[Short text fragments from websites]
⟨
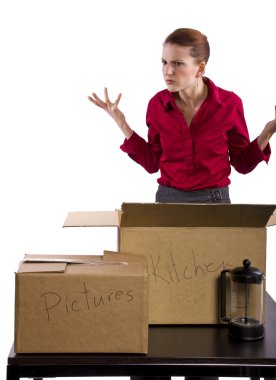 Woman stressed out and packing stuff clipart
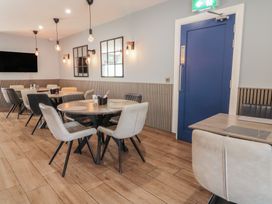 A dining area with round and rectangular tables with chairs a blue door and wall mirrors at Number 2 Dome in Derrybeg County Donegal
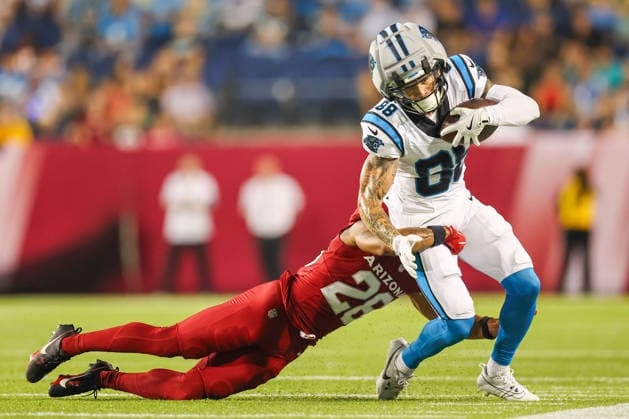 August 6, 2026, Canton, Ohio, USA: Carolina Panthers wide receiver CASEY WASHINGTON (88) is tackled by Arizona Cardinals cornerback ELIJAH JONES (28) at the 2026 Pro Football Hall of Fame Game between the Carolina Panthers and Arizona Cardinals at Tom Benson Hall of Fame Stadium on August 6, 2026 in Canton, Ohio. NFL, American Football Herren, USA 2026: Hall Of Fame Game - Carolina Panthers Vs. Arizona Cardinals - NFL Preseason 2026  - ZUMAs335 20260806_znp_s335_035 Copyright: xMatthewxSmithx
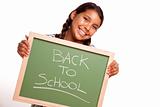 Pretty Hispanic Girl Holding Chalkboard with Back To School Isolated on a White Background.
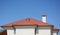 House red clay roof with attic skylight, chimney, roof gutter and copy space.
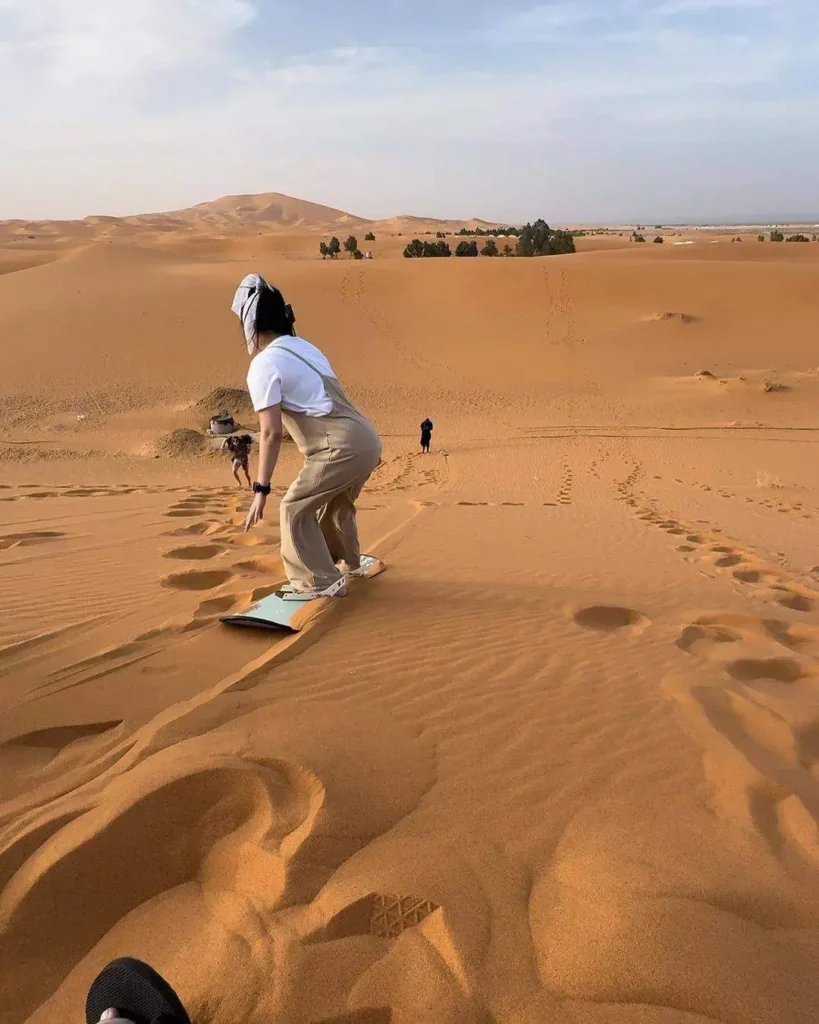 Sandboarding experience in Sahara Desert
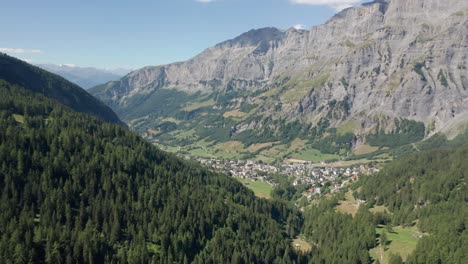 Drone-slowly-flying-towards-a-quiet-mountain-town-in-Switzerland
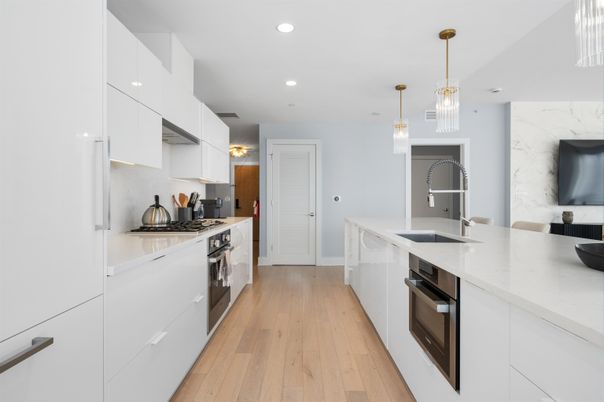 Interior, Kitchen, Marble Walls, Pendant Lights, Recessed Lighting, Stainless Steel Appliances, Wood Texture Flooring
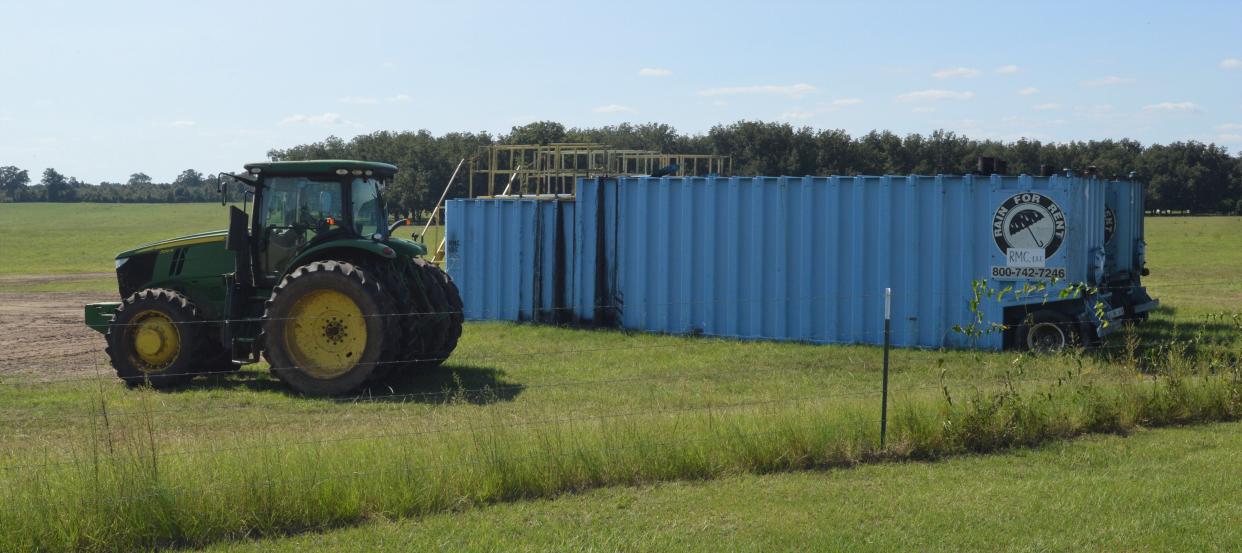 Tractors are being used to spread soil amendments on property on sites throughout Jefferson County, Georgia.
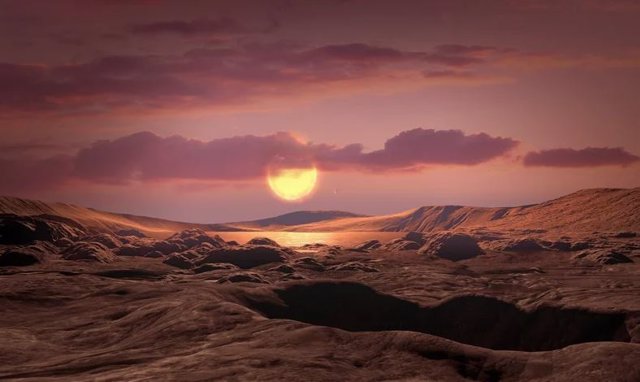 Concepción artística de un exoplaneta rocoso de masa terrestre como Wolf 1069 b en órbita alrededor de una estrella enana roja.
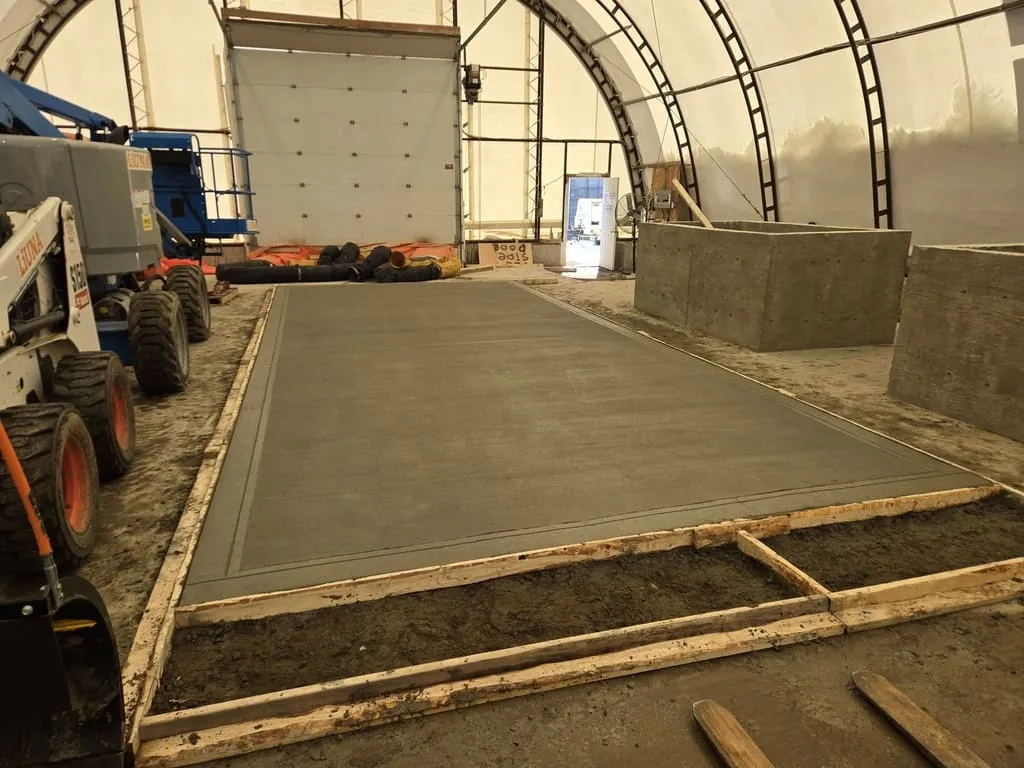 Newly replaced commercial garage floor in an industrial workshop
⟩
▶ **REQUIRED WORK**
How would the lines above read from the one with "Pretty Hispanic Girl" to the one with "Drone-slowly-flying-towards-a-quiet-mountain-town-in-Switzerland", inclusive, with no pictures? Write them out exactly.

▶ **RESPONSE TO THE TASK**
 Pretty Hispanic Girl Holding Chalkboard with Back To School Isolated on a White Background.
 House red clay roof with attic skylight, chimney, roof gutter and copy space.
 Sandboarding experience in Sahara Desert
 Drone-slowly-flying-towards-a-quiet-mountain-town-in-Switzerland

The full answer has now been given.